Google opens Gmail to developers in bid to replace IMAP is a post from: DevOpsANGLE

origin_3901849292Google has decided to lift the lid on its Gmail service, allowing every man and his dog to write apps that can access your inbox, so long as you agree to let them in.

Hailed as a replacement for IMAP (Internet Message Access Protocol) by some observers, the new Gmail API probably won’t achieve that distinction for some time, but it does offer some interesting opportunities for developers. According to Google, which outlined the new API at Google I/O yesterday, the release of the spec is a first step in transforming Gmail into a kind of goodie bag for devs who wish to leverage the content of your emails to build better apps. For example, a travel app might scan Gmail for booking confirmations and use these to build an itinerary for you. Alternatively, a finance app might dig into your inbox looking for receipts and file them into a budget plan.

Tapping into email contents isn’t a new idea. Some apps already do so if users allow them to. What’s different is that Google has built a new API to replace IMAP, a ubiquitous but dated and inefficient way to tap into email services. IMAP is complex and doesn’t work well with modern web communication tools such HTTP, and that limits the functionality of apps that work with Gmail, says Google.

“IMAP wasn’t really designed to do all of the cool things that [developers at Google IO] have been working on,” Google’s Eric DeFriez explains in a blog post.

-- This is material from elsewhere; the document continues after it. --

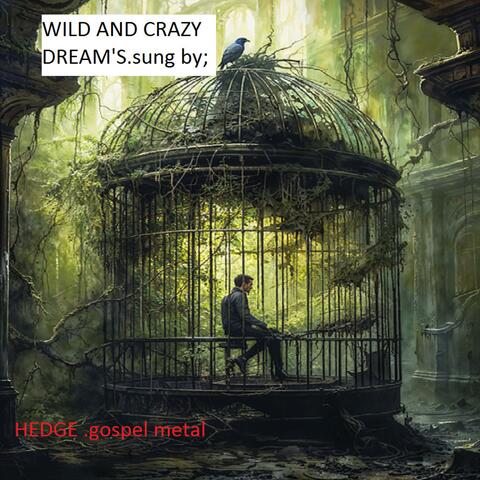 WILD AND CRAZY DREAMS /gospel metal band album art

The API makes it easy for devs to send HTTPS calls to a user’s Gmail inbox so they can receive JSON, XML of Google Protobuf responses without the need for a TCP socket. According to Google, this makes the API accessible from numerous cloud environments that don’t support IMAP.

Privacy concerns


This all sounds great for developers, but privacy advocates may have issues. While the API doesn’t touch everything, it’s far more comprehensive than IMAP. Upon being granted access to a mailbox (and who really reads those permissions, anyway?), an app will be able to create or delete messages, and even insert messages into the inbox without the interim step of sending them from another email address. That latest feature is similar to what Google now does with Gmail inbox ads.

The idea of third-parties helping themselves to the content of people’s inboxes could scare off developers enough to limit the Gmail API’s potential, but Google is betting that most users won’t care or notice. It says permissions will address that problem. it’s concerned about privacy of course, and that’s why the API provides different levels of permissions. “If your app only needs to send mail on behalf of a user and does not need to read mail, you can limit your permission request to send-only,” wrote DeFriez.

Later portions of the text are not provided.